Troy Fabiano
- Fabiano coaching the Kentucky Wildcats in 2026

Personal information
- Date of birth: March 12, 1972 (age 54)
- Place of birth: Kenosha, Wisconsin, U.S.
- Positions: Forward; defender;

College career
- Years: Team / Apps / (Gls)
- 1990–1993: Robert Morris Colonials

Senior career*
- Years: Team / Apps / (Gls)
- 1994: Pittsburgh Stingers (indoor) / 26 / (4)
- Milwaukee Rampage
- 1996–1997: Milwaukee Wave (indoor) / 9 / (0)

Managerial career
- Robert Morris University (assistant)
- 1995: Eastern Illinois Panthers
- 1996: University of Wisconsin–Parkside (assistant)
- 1997–2014: University of Wisconsin–Parkside
- 2015–2021: University of Wisconsin–Milwaukee
- 2022–: Kentucky

= Troy Fabiano =

American soccer player and coach

Troy Fabiano is an American retired soccer player who is currently the head coach with the Kentucky Wildcats's women's soccer team. He played professionally in the National Professional Soccer League, Continental Indoor Soccer League and USISL.

==Player==
Fabiano grew up in Kenosha, Wisconsin where he attended and played soccer at Mary D. Bradford High School. He played collegiate soccer at Robert Morris University in Pennsylvania from 1990 to 1993. He graduated in 1994 with a bachelor's degree in communications. He was inducted into the RMU Athletic Hall of Fame in 2001. In December 1993, the Milwaukee Wave selected Fabiano in the fourth round of the National Professional Soccer League amateur draft. However, he did not sign with them. In 1994, he signed with the Pittsburgh Stingers of the Continental Indoor Soccer League. On June 21, 1995, the Stingers traded Fabiano and several draft choices to the Seattle SeaDogs in exchange for Tim Wittman. He did not sign with the SeaDogs. He played for the Milwaukee Rampage in the USISL for one season. He also played nine games for the Milwaukee Wave during the 1996–1997 NPSL season.

==Coach==
Fabiano began his coaching career as an assistant at Robert Morris University. In 1995, he then served as an interim head coach at Eastern Illinois University. In 1996, he became an assistant coach with the University of Wisconsin–Parkside women's team. In 1997, he became the team's head coach.

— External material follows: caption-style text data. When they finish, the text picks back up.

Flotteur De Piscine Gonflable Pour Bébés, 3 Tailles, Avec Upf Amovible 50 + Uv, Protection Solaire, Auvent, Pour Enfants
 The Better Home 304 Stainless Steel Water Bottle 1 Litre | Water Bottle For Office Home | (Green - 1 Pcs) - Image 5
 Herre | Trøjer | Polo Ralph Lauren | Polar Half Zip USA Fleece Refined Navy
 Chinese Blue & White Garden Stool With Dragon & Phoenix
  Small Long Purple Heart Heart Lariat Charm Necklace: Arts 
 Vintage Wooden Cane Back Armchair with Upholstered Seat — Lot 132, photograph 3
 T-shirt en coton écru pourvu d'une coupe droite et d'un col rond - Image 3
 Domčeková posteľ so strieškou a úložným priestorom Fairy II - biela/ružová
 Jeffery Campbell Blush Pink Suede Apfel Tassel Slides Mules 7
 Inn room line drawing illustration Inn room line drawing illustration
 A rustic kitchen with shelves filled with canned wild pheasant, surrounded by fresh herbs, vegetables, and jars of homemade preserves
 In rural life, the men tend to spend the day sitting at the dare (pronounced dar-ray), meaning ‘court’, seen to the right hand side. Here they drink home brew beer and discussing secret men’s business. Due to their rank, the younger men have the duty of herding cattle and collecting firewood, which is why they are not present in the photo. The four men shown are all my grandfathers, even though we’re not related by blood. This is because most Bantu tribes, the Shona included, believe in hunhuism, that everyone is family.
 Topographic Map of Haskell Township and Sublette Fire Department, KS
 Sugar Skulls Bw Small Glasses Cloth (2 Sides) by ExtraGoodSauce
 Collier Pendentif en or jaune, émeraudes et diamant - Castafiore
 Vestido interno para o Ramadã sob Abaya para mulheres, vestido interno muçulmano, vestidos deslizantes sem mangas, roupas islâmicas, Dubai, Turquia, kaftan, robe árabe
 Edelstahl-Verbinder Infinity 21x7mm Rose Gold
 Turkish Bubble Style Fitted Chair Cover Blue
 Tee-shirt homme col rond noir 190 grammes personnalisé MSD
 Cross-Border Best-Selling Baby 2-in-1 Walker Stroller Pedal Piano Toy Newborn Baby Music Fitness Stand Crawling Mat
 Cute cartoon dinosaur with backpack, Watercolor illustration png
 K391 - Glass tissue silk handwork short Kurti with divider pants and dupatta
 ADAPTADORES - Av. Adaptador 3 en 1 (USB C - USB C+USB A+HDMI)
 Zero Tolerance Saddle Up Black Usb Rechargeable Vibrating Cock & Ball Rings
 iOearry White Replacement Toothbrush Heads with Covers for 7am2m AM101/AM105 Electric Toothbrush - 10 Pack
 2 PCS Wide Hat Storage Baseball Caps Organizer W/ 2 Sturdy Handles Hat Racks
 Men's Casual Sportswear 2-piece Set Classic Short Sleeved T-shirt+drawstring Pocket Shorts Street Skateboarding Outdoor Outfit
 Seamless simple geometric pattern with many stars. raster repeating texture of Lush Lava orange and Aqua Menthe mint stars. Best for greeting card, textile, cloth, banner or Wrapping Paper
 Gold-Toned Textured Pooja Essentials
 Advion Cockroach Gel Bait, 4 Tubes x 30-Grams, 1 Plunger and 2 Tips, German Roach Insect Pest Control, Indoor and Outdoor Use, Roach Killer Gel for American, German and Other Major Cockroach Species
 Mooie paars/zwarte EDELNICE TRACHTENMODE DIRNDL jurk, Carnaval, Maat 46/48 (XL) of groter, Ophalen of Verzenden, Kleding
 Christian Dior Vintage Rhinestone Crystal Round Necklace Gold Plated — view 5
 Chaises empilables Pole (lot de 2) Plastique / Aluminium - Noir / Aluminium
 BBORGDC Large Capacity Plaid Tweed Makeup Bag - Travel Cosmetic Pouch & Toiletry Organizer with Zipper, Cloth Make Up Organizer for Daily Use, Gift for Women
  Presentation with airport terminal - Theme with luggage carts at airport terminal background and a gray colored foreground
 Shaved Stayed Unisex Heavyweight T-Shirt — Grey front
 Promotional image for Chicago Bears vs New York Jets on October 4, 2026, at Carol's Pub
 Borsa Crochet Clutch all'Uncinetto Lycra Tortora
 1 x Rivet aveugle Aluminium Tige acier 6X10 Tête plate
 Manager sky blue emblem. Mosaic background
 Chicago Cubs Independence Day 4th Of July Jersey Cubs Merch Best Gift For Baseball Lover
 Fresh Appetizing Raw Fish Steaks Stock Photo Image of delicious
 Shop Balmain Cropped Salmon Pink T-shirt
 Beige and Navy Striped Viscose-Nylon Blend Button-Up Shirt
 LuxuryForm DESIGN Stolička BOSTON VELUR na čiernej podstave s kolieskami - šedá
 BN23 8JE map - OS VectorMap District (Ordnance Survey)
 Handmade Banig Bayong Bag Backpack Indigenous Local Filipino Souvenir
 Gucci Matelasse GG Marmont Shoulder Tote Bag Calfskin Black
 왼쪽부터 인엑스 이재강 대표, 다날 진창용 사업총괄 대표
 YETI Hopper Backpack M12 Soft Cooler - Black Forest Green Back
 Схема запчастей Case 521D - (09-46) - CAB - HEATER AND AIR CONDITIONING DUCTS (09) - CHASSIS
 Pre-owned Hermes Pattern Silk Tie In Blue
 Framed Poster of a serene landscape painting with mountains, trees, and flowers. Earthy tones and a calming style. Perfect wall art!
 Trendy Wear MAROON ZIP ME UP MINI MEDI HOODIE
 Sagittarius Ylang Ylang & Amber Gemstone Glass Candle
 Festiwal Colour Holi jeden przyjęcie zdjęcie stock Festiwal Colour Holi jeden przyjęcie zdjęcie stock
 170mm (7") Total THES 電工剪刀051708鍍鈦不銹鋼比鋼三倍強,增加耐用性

In 2015 he was hired as the head coach at the University of Wisconsin–Milwaukee. Fabiano enjoyed success while at Wisconsin-Milwaukee posting a 101–16–13 overall record. He won Horizon League Coach of the Year six times and claimed six regular season titles during his seven-year tenure. He also lead the team to qualification for the NCAA Division I Women's Soccer Championship four times.

Fabiano was hired as the head coach at Kentucky prior to the 2022 season.